Work instructions: Up to and including the line with "반도체·LCD장비주 올 본격성장", restate the records below word for word, beginning with their first line.

[Data entries]

────

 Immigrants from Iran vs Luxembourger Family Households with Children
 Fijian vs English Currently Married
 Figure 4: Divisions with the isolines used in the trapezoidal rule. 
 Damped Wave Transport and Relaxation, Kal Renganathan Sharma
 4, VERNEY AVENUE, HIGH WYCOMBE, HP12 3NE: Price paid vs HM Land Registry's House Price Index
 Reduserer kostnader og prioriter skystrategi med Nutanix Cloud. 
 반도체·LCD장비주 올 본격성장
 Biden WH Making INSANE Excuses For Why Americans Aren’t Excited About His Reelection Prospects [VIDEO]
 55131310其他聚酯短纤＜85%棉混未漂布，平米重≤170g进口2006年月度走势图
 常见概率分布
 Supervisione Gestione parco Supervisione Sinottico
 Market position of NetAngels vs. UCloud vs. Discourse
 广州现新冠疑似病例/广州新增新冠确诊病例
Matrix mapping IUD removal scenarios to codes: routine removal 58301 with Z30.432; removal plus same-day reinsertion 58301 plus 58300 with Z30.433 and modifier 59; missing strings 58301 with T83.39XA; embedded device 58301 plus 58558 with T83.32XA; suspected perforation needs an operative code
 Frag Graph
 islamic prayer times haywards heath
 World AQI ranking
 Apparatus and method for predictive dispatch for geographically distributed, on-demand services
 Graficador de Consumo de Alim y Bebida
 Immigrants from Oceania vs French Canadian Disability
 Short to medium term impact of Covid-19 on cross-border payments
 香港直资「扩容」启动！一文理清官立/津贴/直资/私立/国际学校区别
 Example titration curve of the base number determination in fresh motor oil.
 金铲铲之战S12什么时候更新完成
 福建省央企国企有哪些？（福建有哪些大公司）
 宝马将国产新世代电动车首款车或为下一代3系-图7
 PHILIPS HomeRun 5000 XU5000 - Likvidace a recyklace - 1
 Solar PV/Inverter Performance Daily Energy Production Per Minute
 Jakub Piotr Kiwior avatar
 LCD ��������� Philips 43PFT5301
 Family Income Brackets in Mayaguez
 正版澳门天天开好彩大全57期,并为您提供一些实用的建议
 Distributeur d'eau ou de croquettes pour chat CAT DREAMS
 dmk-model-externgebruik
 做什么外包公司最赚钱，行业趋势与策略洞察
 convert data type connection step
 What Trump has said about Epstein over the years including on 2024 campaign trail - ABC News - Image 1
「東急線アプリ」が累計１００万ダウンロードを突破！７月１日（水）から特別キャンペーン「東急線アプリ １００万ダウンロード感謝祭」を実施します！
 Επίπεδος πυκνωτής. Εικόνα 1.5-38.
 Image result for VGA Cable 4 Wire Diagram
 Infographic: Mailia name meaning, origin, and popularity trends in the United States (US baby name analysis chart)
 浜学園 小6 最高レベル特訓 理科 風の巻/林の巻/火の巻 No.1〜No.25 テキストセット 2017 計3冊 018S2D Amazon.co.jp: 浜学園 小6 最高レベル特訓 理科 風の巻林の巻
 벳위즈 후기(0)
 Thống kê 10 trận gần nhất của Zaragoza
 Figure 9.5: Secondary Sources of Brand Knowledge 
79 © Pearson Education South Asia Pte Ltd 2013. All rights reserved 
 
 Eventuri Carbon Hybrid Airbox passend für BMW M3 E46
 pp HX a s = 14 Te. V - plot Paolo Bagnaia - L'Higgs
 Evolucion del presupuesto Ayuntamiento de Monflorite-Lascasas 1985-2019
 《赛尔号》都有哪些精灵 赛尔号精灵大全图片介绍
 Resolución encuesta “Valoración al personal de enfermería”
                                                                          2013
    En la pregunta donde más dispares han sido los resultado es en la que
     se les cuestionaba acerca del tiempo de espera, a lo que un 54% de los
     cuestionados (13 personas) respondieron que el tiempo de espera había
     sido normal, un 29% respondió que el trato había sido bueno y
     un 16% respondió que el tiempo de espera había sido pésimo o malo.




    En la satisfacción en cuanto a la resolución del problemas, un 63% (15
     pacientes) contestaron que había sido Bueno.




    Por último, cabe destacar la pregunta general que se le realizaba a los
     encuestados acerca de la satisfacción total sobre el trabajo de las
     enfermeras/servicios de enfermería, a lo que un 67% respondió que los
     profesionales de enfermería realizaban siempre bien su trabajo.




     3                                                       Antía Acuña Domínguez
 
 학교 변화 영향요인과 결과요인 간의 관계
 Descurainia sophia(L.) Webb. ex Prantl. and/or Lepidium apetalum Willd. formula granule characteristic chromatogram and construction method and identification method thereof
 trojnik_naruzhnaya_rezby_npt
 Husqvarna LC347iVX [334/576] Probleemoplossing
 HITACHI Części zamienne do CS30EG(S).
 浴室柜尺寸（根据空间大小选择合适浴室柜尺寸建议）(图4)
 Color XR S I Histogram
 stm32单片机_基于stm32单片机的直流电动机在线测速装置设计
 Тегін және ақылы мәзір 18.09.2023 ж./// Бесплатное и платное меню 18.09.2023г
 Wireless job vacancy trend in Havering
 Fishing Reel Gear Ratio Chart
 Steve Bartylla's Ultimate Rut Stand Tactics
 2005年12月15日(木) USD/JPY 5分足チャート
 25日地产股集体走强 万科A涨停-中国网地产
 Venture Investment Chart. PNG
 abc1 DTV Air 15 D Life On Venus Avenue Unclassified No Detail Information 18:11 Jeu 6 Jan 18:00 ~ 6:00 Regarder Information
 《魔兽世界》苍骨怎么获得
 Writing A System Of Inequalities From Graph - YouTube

────

Result of the exercise:
 Immigrants from Iran vs Luxembourger Family Households with Children
 Fijian vs English Currently Married
 Figure 4: Divisions with the isolines used in the trapezoidal rule. 
 Damped Wave Transport and Relaxation, Kal Renganathan Sharma
 4, VERNEY AVENUE, HIGH WYCOMBE, HP12 3NE: Price paid vs HM Land Registry's House Price Index
 Reduserer kostnader og prioriter skystrategi med Nutanix Cloud. 
 반도체·LCD장비주 올 본격성장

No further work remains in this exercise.